The result: unanticipated pushback from the top brass through the rank and file.
At any other company, the thought of sharing such sensitive information with all staffers is verboten. At the marketing software firm Hubspot, things are a little different. Billing its culture as radically transparent, Hubspot’s internal wiki is a place for the nearly 700 employees to tap all manner of information from funding rounds to cash burn rates.
“High order decisions” from the executive team are posted and up for debate, too. Though Shah admits, “We have very few rules about what we can share,” he says that historically “things that are not ours to share” otherwise protected by non-disclosure or confidentiality agreements are off limits.
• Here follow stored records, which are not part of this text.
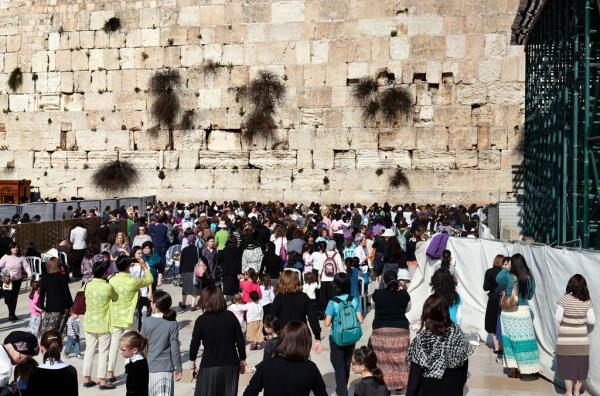 Women at Wall picture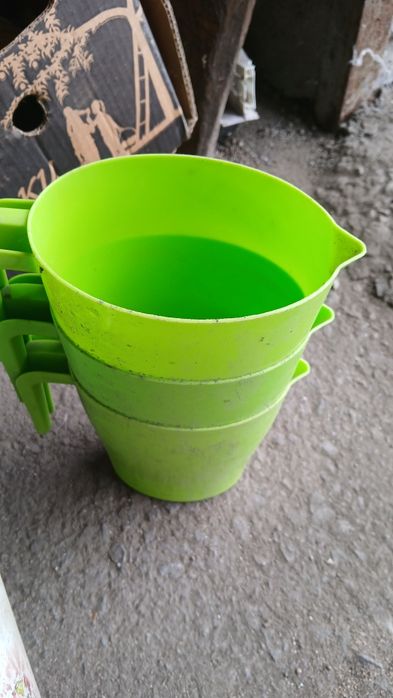Продам посуду для столовой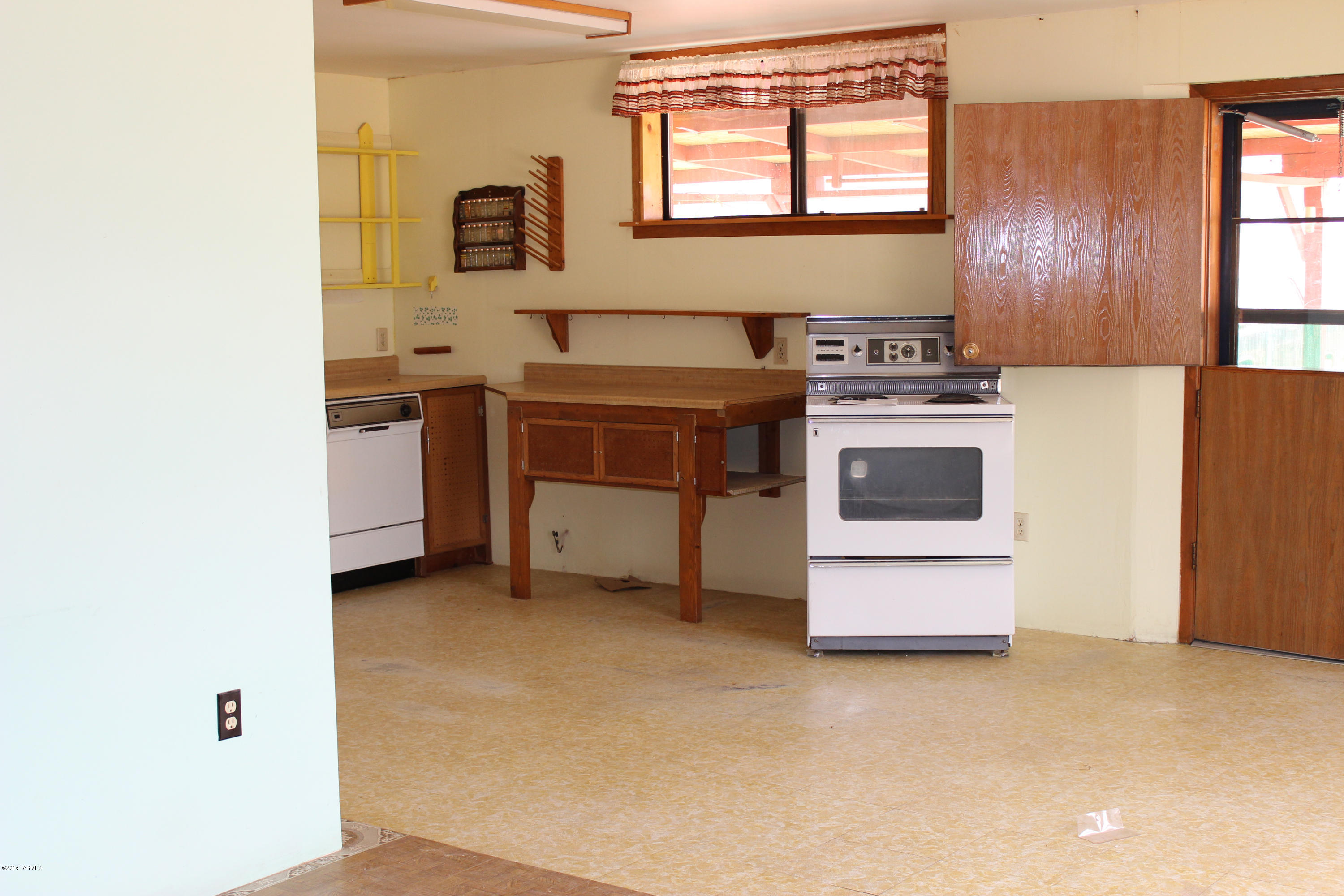 351 Willcox Road Pearce, AZ 85625 - Photo 8 of 24 Gallery Image 8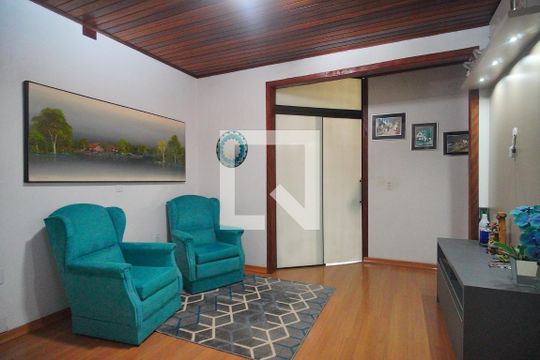 Sala 1 de casa à venda com 5 quartos, 303m² em Operário, Novo Hamburgo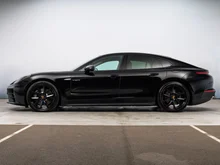 Porsche Panamera 4 E-Hybrid in schwarz - metallic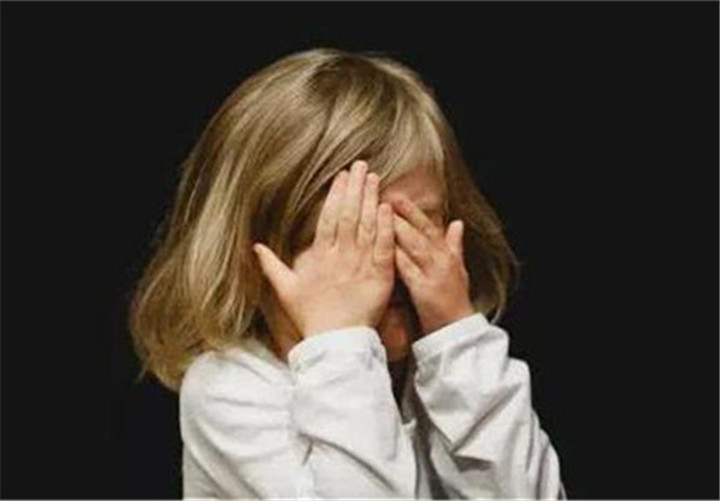 非常胆小恐惧怕黑怎么消除,怎样避免恐惧胆小怕黑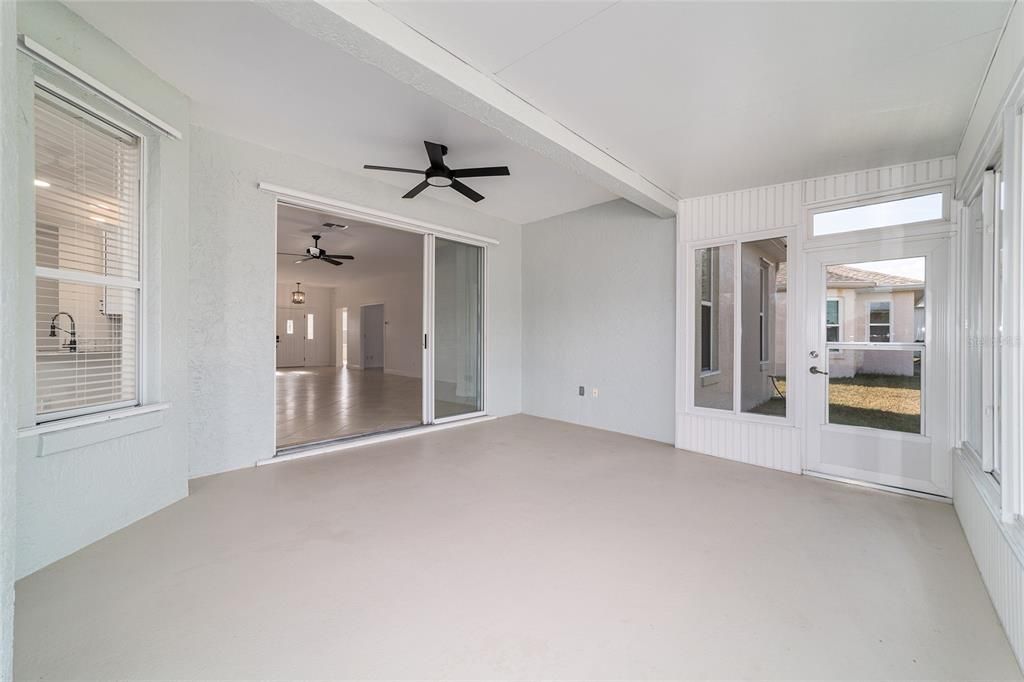 Active With Contract: $265,000 (2 beds, 2 baths, 1674 Square Feet)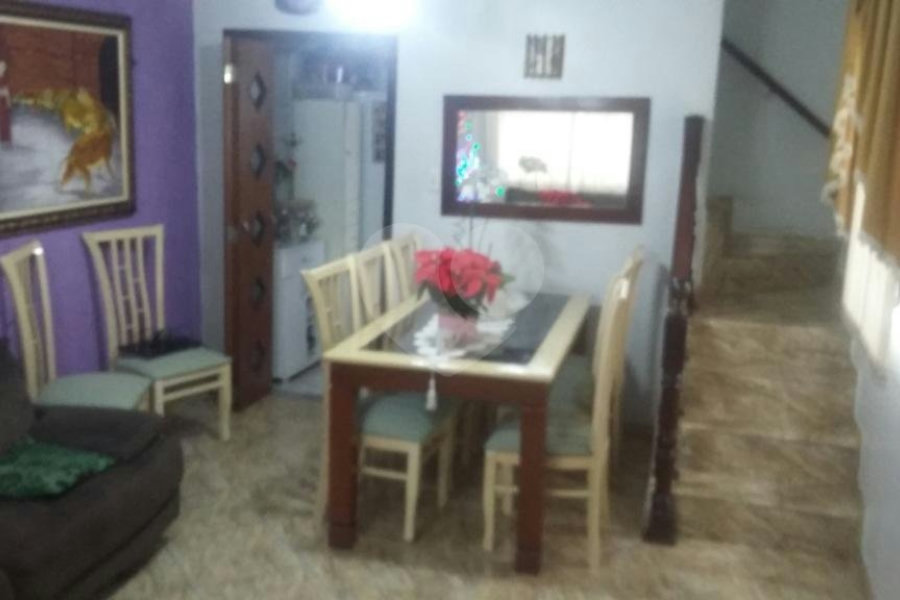 Casa à venda com 2 quartos, sendo 1 suíte, no condomínio Travessa Carmem Lúcia Carneiro,88, São Paulo - SP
That included employees’ salary information.
Still, Shah thought the staff had a right to peek behind the curtain and see his, cofounder and CEO Brian Halligan’s, and COO J.D. Sherman’s paychecks. Unlike Buffer, which recently decided to disclose the formula it used to determine salaries as well as a list of all its staff’s compensation, Shah only wanted to publish base pay, not stock options or equity. Thus, the unanticipated reaction. Part of the criticism, he explains, was about the potential for staff to be misled. For some executives at other companies, base pay can be a small part of the total compensation package.
He eventually abandoned the idea. “I couldn’t come up with good strong reasons,” Shah confesses, whereas others from all parts of the company chimed in with better opinions. The experiment reinforced Hubspot’s culture of open debate, but it also served up some important lessons.
Shah concedes that in his experience, it could get someone labeled at best “misaligned with the company” or a troublemaker at worst.
At Hubspot, Shah says “titles don’t really matter a whole lot.” In fact, when the company was starting out, they didn’t use them at all. That’s one reason why he says it wasn’t hard to float an idea that didn’t necessarily have CEO Halligan’s blessing. “Hierarchy doesn’t dictate how much influence you have [at Hubspot],” Shah says, “It’s the quality of your ideas. We don’t like people to pull rank.”
For those intrepid enough to want to air a dissenting opinion at their own workplace, Shah suggests making a deliberate decision to take a stand. Then take a page from Hubspot’s play book and use data to make an evidence-based case for your decision.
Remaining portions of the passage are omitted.